The Crucial Role of Preprocessing in Revenue Forecasting: Lessons from Larson and Overton | The Center for Analytics and Data Science

By Sarah Larson and Michael Overton

Revenue forecasting is an essential component of financial planning for state and local governments. Forecasts directly influence budgeting, policy decisions, and overall economic stability. Traditionally, debates around the “best” forecasting techniques have revolved around comparing classical statistical methods with modern machine learning techniques. However, new insights from Sarah E. Larson and Michael Overton’s (2024) research challenge this narrative, emphasizing a less-discussed yet critical aspect: data preprocessing.

Shifting the Focus: Why Preprocessing Matters More

The study explored various revenue forecasting methods for sales tax revenues, comparing traditional techniques like ARIMA and exponential smoothing with advanced machine learning approaches such as k-nearest neighbors (KKNN) and extreme gradient boosting (XGBOOST). Surprisingly, the research found that the choice of forecasting model—while important—had less impact on accuracy compared to how data was prepared beforehand.

Preprocessing refers to cleaning data prior to analysis and includes steps like detrending data, seasonally adjusting values, or applying transformations like logarithms or the inverse hyperbolic sine (IHS). These steps address inherent challenges in time-series data, such as seasonality and long-term trends that if left unaddressed will bias forecasts.

Key Findings: Consistency Across Time Intervals

Larson and Overton analyzed over 16 years of monthly, quarterly, and annual sales tax data from Texas cities. The findings underscored that:

Preprocessing Steps Drive Accuracy: Transformations like IHS and logarithms consistently improved accuracy across all forecasting intervals. These methods normalized the data and reduced the influence of outliers.
Time-Series Characteristics Matter: Adjustments for seasonality and trends significantly enhanced model performance, particularly for monthly and quarterly forecasts.
Model Selection Is Secondary: While machine learning models like KKNN and XGBOOST excelled in certain contexts, benchmark methods, such as the Drift and Seasonal Naïve models, often performed comparably after robust preprocessing.

Machine Learning vs. Traditional Methods

The promise of machine learning often lies in its ability to uncover complex patterns in large datasets. Yet, Larson and Overton’s findings reveal that machine learning models are not a magic solution. Their accuracy can be hindered if the input data lacks proper preprocessing, leading to overfitting or errors from unaddressed trends and seasonality.

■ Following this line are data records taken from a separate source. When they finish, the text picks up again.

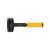 Ciocan de impact DEWALT EXOCORE 1,4 kg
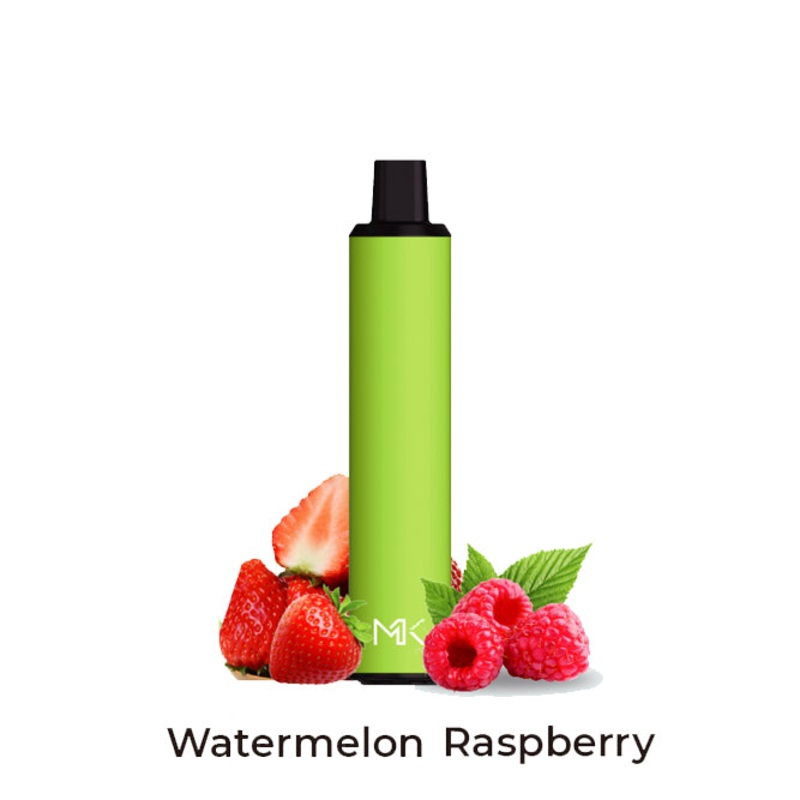 Watermelon Raspberry MASKKING HIGH GTS 2000 Vape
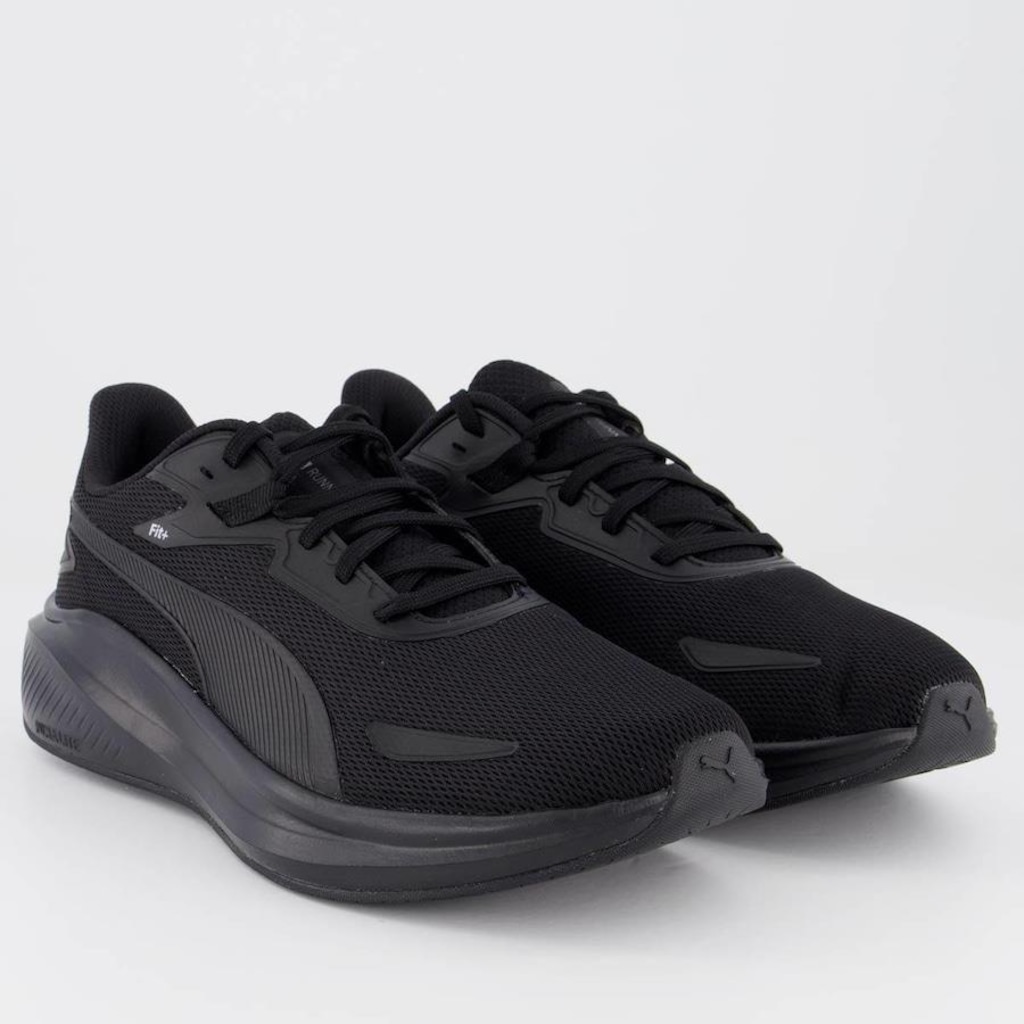 Imagem 2 do produto Tênis Puma Skyrocket Lite All Black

Interestingly, when applied to well-preprocessed data, traditional models matched or exceeded the performance of advanced algorithms. This result calls into question the rush to adopt sophisticated tools without first mastering fundamental data preparation practices.

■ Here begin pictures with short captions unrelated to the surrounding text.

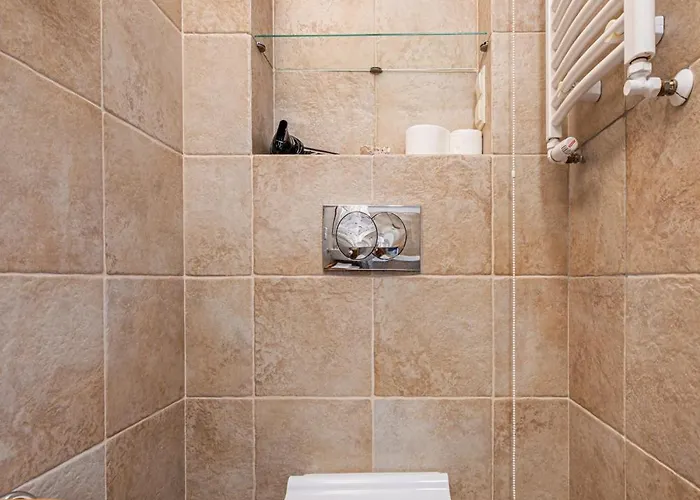 Apartman Twilight Old Town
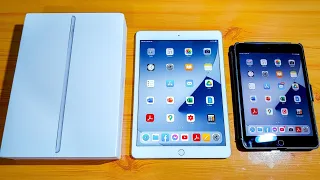 Apple iPad 8th gen (2020) for only P18,990! Unboxing, Shopee PH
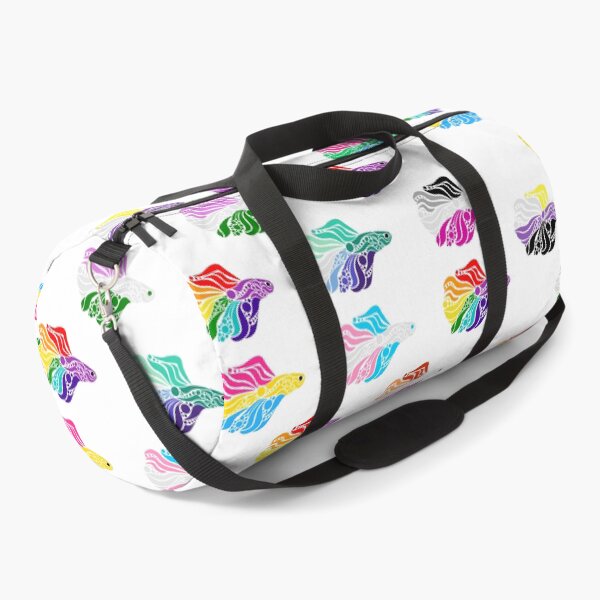 Item preview, School Pride - Betta Fish designed and sold by arturekdesign.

Practical Implications for Forecasters

For practitioners and policymakers, the message is clear: the focus should shift from “which model to use” to “how to preprocess the data effectively.” Key recommendations include:

Prioritize Normalization: Methods like IHS and logarithmic transformations should be routine, especially for data with high variability.
Account for Trends and Seasonality: Detrending and seasonal adjustments should be standard practices for time-series analysis.
Match Techniques to Time Intervals: Different preprocessing steps and models work better for monthly, quarterly, or yearly forecasts. Tailoring the approach to the data interval ensures better results.
Be Cautious with Inflation Adjustments: While important, inflation adjustments do not always enhance accuracy and should be applied judiciously.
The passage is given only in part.